# To Bi-wire or not?



## Rob514 (Nov 26, 2014)

I'm a Yamahaphile of sorts, it's what I've been buying for the last 2 decades at least. I recently insisted to my girlfriend, "I want my big speaker HT again" I think she was tired of dusting it. Anyway I started with a pair of Yamaha NS-777s and was introduced to the Bi-wiring concept. At the time I had a Yamaha RX-V373 I bought with a HTIB and didnt like the idea of bi-wiring the speakers through a 5.1 system,I thought it was asking too much of 2 channels. So I ran out and got a Yamaha RX-V677 7.2 receiver so I could do this. My question is, is it worth losing 2 speakers to bi-wire one set of speakers?


----------



## Bigun (Dec 6, 2009)

My opinion is 'no' - not worth it. I'd say bi-wiring has marginal benefits at best. I don't know if this is hot topic on the forum, I just popped in today on that rare occasion so hopefully this isn't going to degenerate into a big argument !

I come from a hi-fi background, not cinema so my answer is based on sound quality related to music listening only. The real benefit comes if you remove the speaker cross-over and use a line-level cross-over upstream to before the power amplifier - and you aren't going to be doing that.

My advice is to keep it simple. Keep speaker cables as short as possible, use good quality connects on the end, avoid sharp bends and other stresses, keep them clean and dry.


----------



## willis7469 (Jan 31, 2014)

I think the general consensus is bi-wiring is a waste. Bi-amping with active crossovers seems to be the way.


----------



## tonyvdb (Sep 5, 2007)

willis7469 said:


> I think the general consensus is bi-wiring is a waste. Bi-amping with active crossovers seems to be the way.


Agreed, and it needs to be done correctly and the cost is high to achieve it.


----------



## Rob514 (Nov 26, 2014)

and you aren't going to be doing that.


Um no Im not


----------



## NBPk402 (Feb 21, 2012)

tonyvdb said:


> Agreed, and it needs to be done correctly and the cost is high to achieve it.

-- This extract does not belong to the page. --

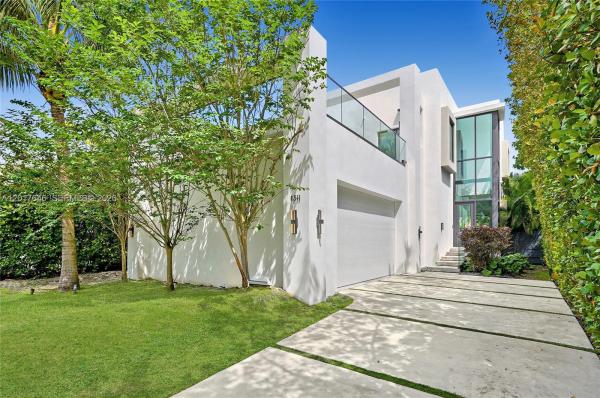 Oceanside Isle Of Normandy, 1311 Bay Dr, Miami Beach, Florida 33141, image 1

It doesn't have to be expensive...A single MiniDSP can do a pair of 2 ways.


----------



## ajinfla (May 10, 2009)

Rob514 said:


> My question is, is it worth losing 2 speakers to bi-wire one set of speakers?


That isn't buywiring, which is running a pair of wires to the same speaker off a single amp terminal. What you are describing is passive bi-amping, which is using another pair of amp channels in your AVR to power the high and low legs of your speakers internal parallel XO, via the separate hi/low terminals on rear, jumpers removed.
There is zero valid audibility evidence for the former and questionable benefit for the latter.
However it certainly is possible that one could hear a difference with passive biamping under a string of conditions, vs impossible, as I addressed here.
That's with 2ch. With MCH soundfields, it becomes extremely doubtful.

cheers,


----------



## kingnoob (Mar 12, 2013)

willis7469 said:


> I think the general consensus is bi-wiring is a waste. Bi-amping with active crossovers seems to be the way.


Yeah thicker speaker wire is usefull if you are running long cables but , bi-wiring is useless.


----------



## imported_juiceblrc (Apr 15, 2008)

I have tried it and the difference if any is very minor.


----------



## imported_juiceblrc (Apr 15, 2008)

For $5 of speaker wire you could try it out.


----------